ArcPy: Writing a geoprocessing script - Part 1 of 2

ArcPy: Writing a geoprocessing script - Part 1 of 2♦ IntroductionThe scenario:♦ Preparing for the taskLet's go ahead and set up for our work:♦ Getting started1. Examine the inputs -- look for patterns2. Break down the process and develop your pseudocode♦ Getting started on the code1. Starting the script: Boilerplate {link}2. Import modules {link}3. Set the input variables {link}♦ Tackling Task 2: Extracting ARGOS observations from a data file4. Read in and loop through each record in a single ARGOS file {link}Summary - to this point & what's next

♦ Introduction

In our previous session, we introduced Python modules and packages and how they extend what base Python can do. In this session, we dive into into one particularly useful package: ESRI's ArcPy. This package, which comes as part of installing ArcGIS (Pro or Desktop), enables us to do virtually anything we can do in ArcGIS - and even a bit more - from the Python coding environment. Why bother doing in Python what we can do with the nice graphical user interface of ArcGIS?? Well, I hope to answer this in this first of two part exercise...

To simulate how you might go about learning ArcPy, or any other complex Python package, we will learn by doing. Specifically, we are presented with a geoprocessing task - one uniquely suited for combining Python and GIS - and use that as our context for learning what ArcPy does, how it does it, and how to continue learning what else it can do.

As just mentioned, this is part 1 of a two part exercise. Here, I present you with the scenario and outline a pathway for tackling the overall objective. The idea is to (1) get more practice tackling a Python scripting exercise and (2) demonstrate a need for ArcPy. (Prime the pump, as it were...). Following this exercise, we'll pause and then have a more formal introduction to the ArcPy package. And following that, we'll return to this project and implement the ArcPy knowledge we just learned.

The scenario:

You've been sent a folder with a number of raw ARGOS tracking data files. Your job is to convert these text files into a single feature class containing all the location points for the various critters that have been tracked. If done by hand, this presents a monumental task, so instead we are going to invest the time to write a script that will do this for us – and the script can be reused quite easily if ever we are given another batch of ARGOS data.
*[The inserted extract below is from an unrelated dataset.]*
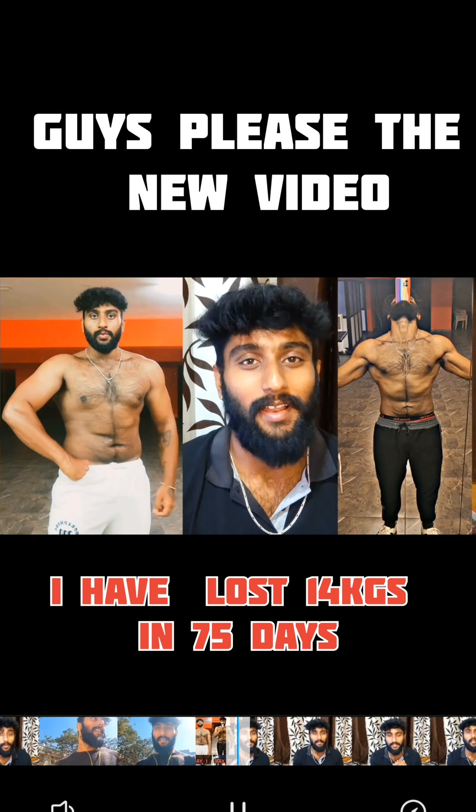Next step is going to be decline dumbbell press, 4 sets with drop set included. For shoulders: Arnold press, 4 sets, and then side lateral — dumbbell side lateral, 4 sets with drop set included.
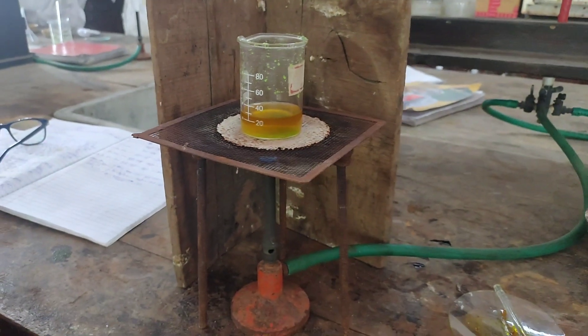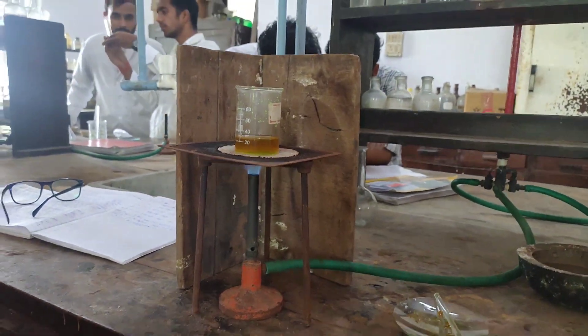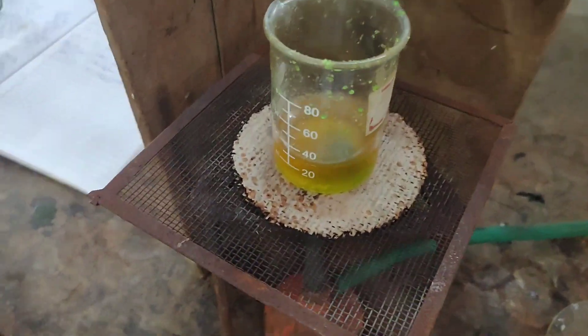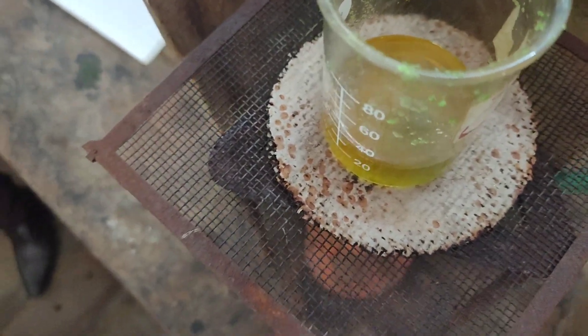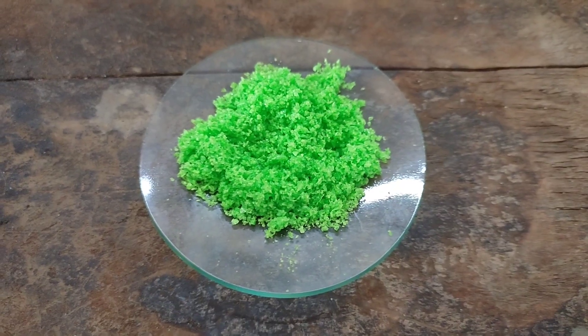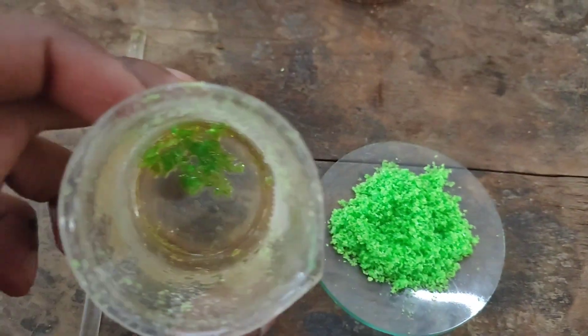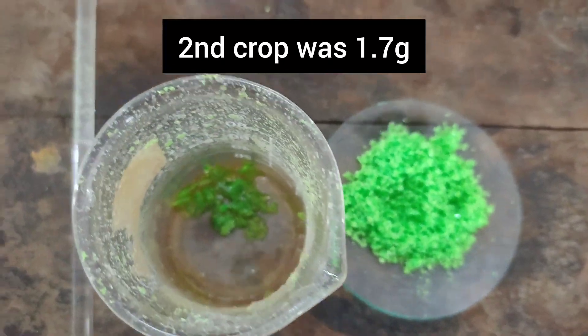The mother liquor was evaporated to half of its volume and then again cooled to get the second crop of crystals. In the first crop, we got 7.0 grams of crystals, and in the second crop, we got 1.7 grams of crystals.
Note: these are actual ARGOS data on sea turtle movement generously provided to us by Duke professor Scott Eckert. Scott is pleased that we’re using these data, but if you wish to use the data beyond this lab exercise, please contact him directly for permission to use his data: Scott Eckert [seckert@widecast.org]

♦ Preparing for the task

We are going to use a combination of ArcGIS Pro/ArcPy, PythonWin, and GitHub to accomplish our task. To do this, we'll need to: (1) set up our development environment; (2) construct a proper ArcGIS workspace; and (3) create a Git repository set up in that workspace's scripts folder.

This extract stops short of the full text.